9/28/07

Perfect From Now On

Perfect From Now On: How Indie Rock Saved My Life is a ridiculously misleading title that John Sellers borrowed from the 1997 Built To Spill album (which is of considerable higher quality than this book). I had hoped for possilby some in-depth discussion regarding how discovering Pavement and Sonic Youth et al. changed his perspective on life or had some sort of profound influence on his outlook. No. Instead, Sellers treats readers to an inconsistent history of the bands that he has been "obsessed" with since adolescence, eventually dissolving into five chapters discussing, in excruciating detail, how drunk he got with Bob Pollard (Guided By Voices). The book reads like it is, quite accurately, a blogger's attempt at penning something over 500 words: his footnotes drag on and take up half of the page at times, his wit is too forced for comfort. For anyone interested in GBV, I recommend a read. For anyone else, you're going to feel out of place--Sellers is quick to dismiss crucial bands (of the Fall, he says: "Sounds like bad Pavement, sorry").
Ultimately, Sellers knows what he's talking about. He just needs a better editor and some sort of legitimate narrative arc. But, hell, I've got an autographed copy.
"Any self-respecting music fan in 2007 should own an iPod, or another portable digital music player, because these devices represent a cultural shift in the way we listen to music."
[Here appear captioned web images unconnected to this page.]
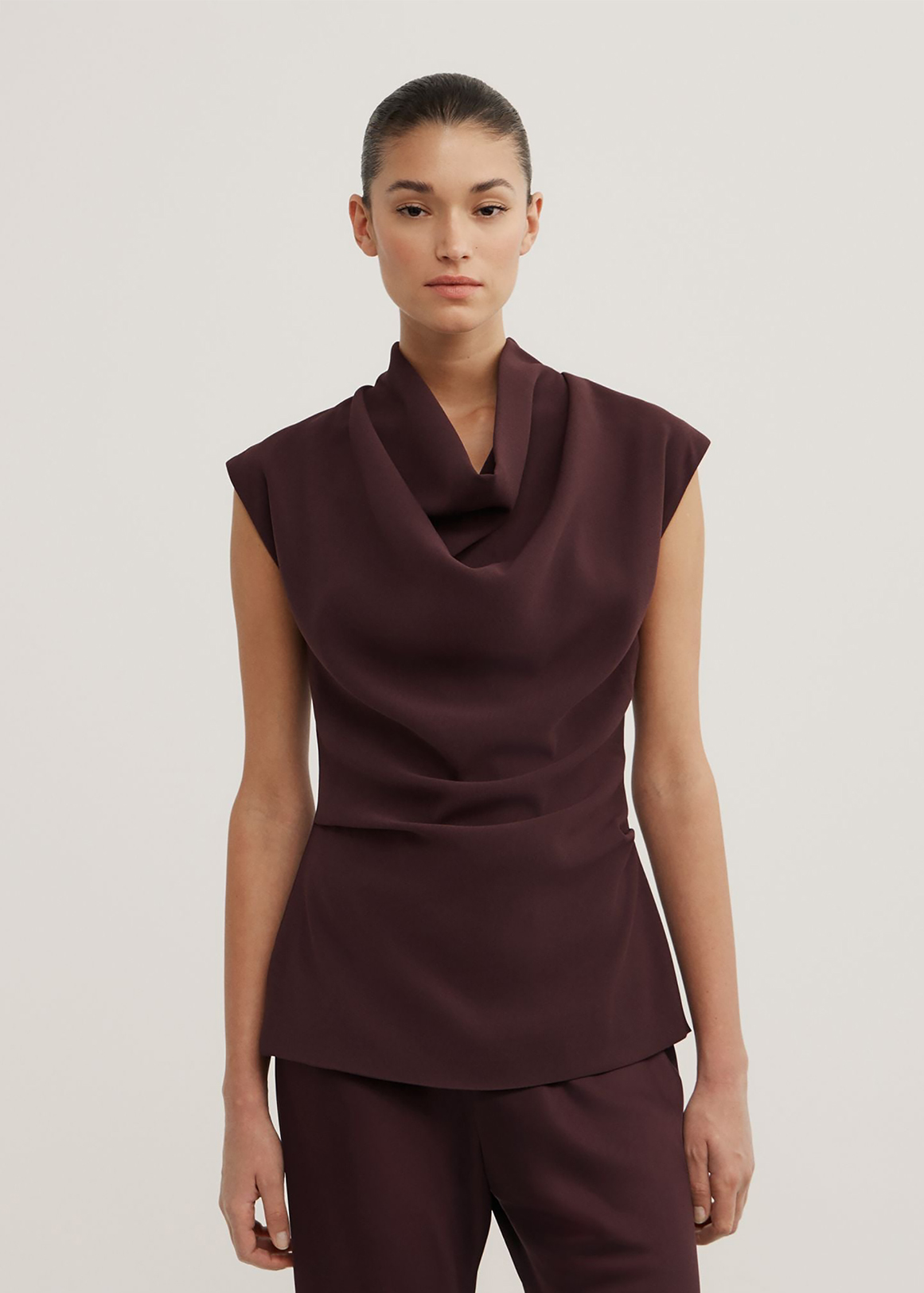 Crepe Cowl Tank Top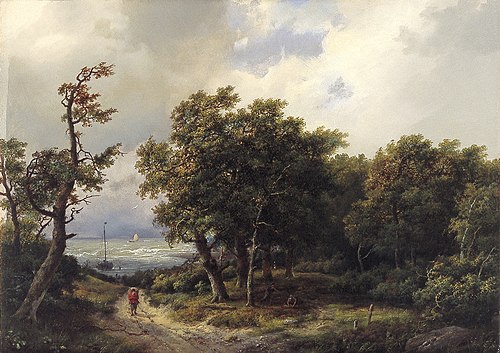 Bosachtig landschap bij de zee, 1861, Marinus Adrianus Koekkoek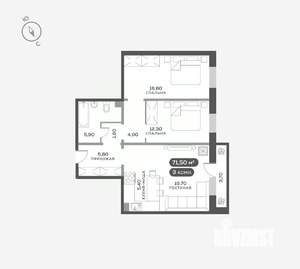 3-к квартира, вторичка, 72м2, 1/17 этаж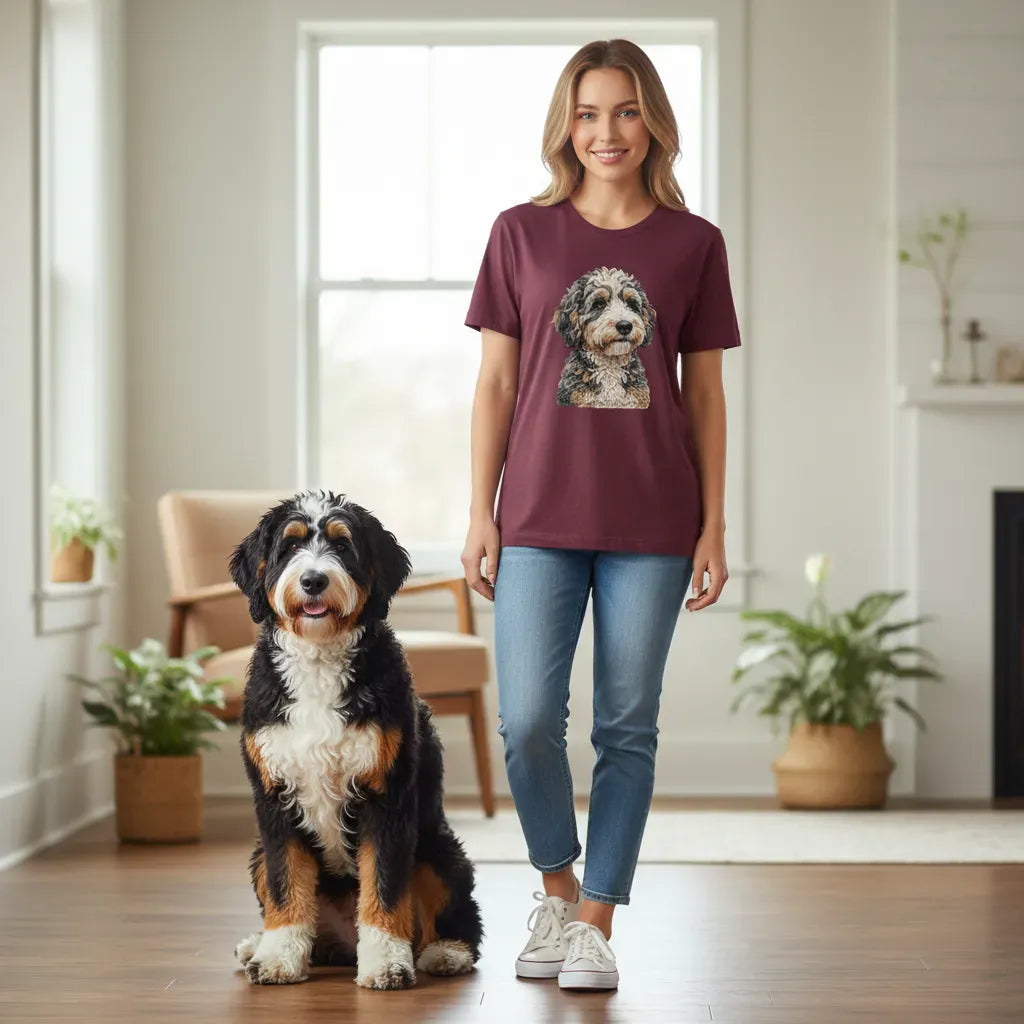 Bernedoodle Faux Yarn Knit T-Shirt in by Puppy Jo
"Now there are a few ways you can give in to musical obsession. You can give in suddenly and briefly--such as when, over the course of a few weeks or months, you find yourself hooked on a particular album (especially a debut album or a breakout album) and start talking up the artist to everyone you know; but then, after seeing a boring live performance or hearing someone you don't respect gush about the music, you just as suddenly denounce the artist as being annoying or unoriginal."

"Our differences in listening to music was a major reason I'd retreated from them, my best friends in the world. I wanted to hang out, hold court, and blare music, and they did not. I wanted to go to concerts, get drunk, and let go; they wanted to get up early. It was a drag."

"...there was a television channel that blended two of your favorite pastimes: watching television and listening to music. Now you could literally watch music!"

"In fact--I know this is shallow--I snubbed them party because of the hype. Due to the exhaustion for hype, I no longer felt compelled to listen to the things a person my age was being told to listen to."

"The lyrics of those favored bands were often impossible to decipher, and it fit a phase I was in. Lyrics had been getting in the way because they further cluttered up my head. I required complex, pretty, inscrutable songs turned up very loud to help me avoid thinking that I didn't like myself very much."

"I am forever stuck in a loop of missed opportunity."

"A drinking party is different from a regular party. At normal parties, most attendees follow the strange customs of dancing to bad music, bantering with people they don't like, and flirting without discretion; drinking is secondary. At a drinking party, the idea is simply to hang with your buddies and get drunk."

"By and large they are peopled by hiply dressed twentysomethings standing almost entirely still but for the bobbing of their heads; occasionally some of them might be moved enough to smack their hands against their legs in time to the music."

"The euphoric end of the extremes is what matters: It is simply wrong to love music halfway."